Спасский играл в Музее современной истории России днем - что, может, и не очень престижно (хотя 4 часа было любимым временем Горовица для начала концертов), но сумел преодолеть две заведомые трудности этого выступления - неблагоприятную акустику зала и проблемы стилистически разноплановой программы. В глуховато резонирующем зале бывшего Английского клуба не растерялся его нюансированный звук, а предельно мощная игра не слилась в недифференцированную массу. А переход от Шопена к Шуману и далее к Листу и Рахманинову произошел так, что не было оснований заключить, что какой-то из композиторов удается пианисту больше другого. С первого аккорда си-минорного скерцо Шопена Спасский задал максималистский и полнокровный подход к роялю, отражающий мир открытых эмоций. А далее - при все возрастающей свободе и интенсивности самовыражения - он показал, что нигде не переступает за грань, после которой теряется ясность формы и отмеренность ударной мощи звука. Это слышалось и в "стеклянной" переливчатости высоких трелей, и в органной "содержательности" грохочущих аккордов.
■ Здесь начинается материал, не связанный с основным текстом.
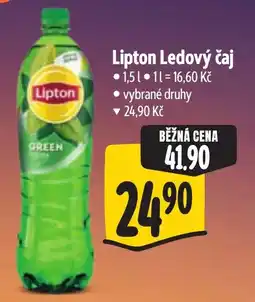 Albert Lipton Ledový čaj nabídka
Натура Спасского в ее музыкальном выражении не представляется созерцательной и рефлектирующей. В нем угадывается активное, наступательное отношение к любому, даже трагически печальному, внутреннему состоянию. Но напор и устремленность вперед не поверхностны или занудно однообразны, они имеют свою глубину и очевидно оттенены уязвимой незащищенностью. Именно так воспринимались "остановки" этой программы - медленный эпизод скерцо и посмертный ноктюрн до-диез-минор Шопена, знаменитый ноктюрн # 3 Листа "Грезы любви" и си-минорный музыкальный момент Рахманинова. Суровость Шопена через романтическую экстравагантность "Арабесок" Шумана Спасский соединил с устрашающей гротескностью Листа в первом "Мефисто-вальсе". И затем закономерно последовал Рахманинов с чистыми красками "Маргариток", пламенным трепетом Прелюдии соль-бемоль-минор и просчитанным "обвалом" двух других прелюдий - до-диез-минор и си-бемоль-мажор. И сразу же "на бис" следовал совсем другой Рахманинов с его популярной "Полькой": ее игривую ритмику Спасский трактовал не без куража, заостряя "углы". При всей картинности и эффектности вещей Рахманинова сегодня довольно трудно встретить столь цельную их осмысленность. Чуткое исполнение Спасского намечает движение пианиста в глубь природы фортепианного звука, о чем теперь мало принято задумываться, но что радостно разнообразит сероватую в целом картину нового российского пианизма.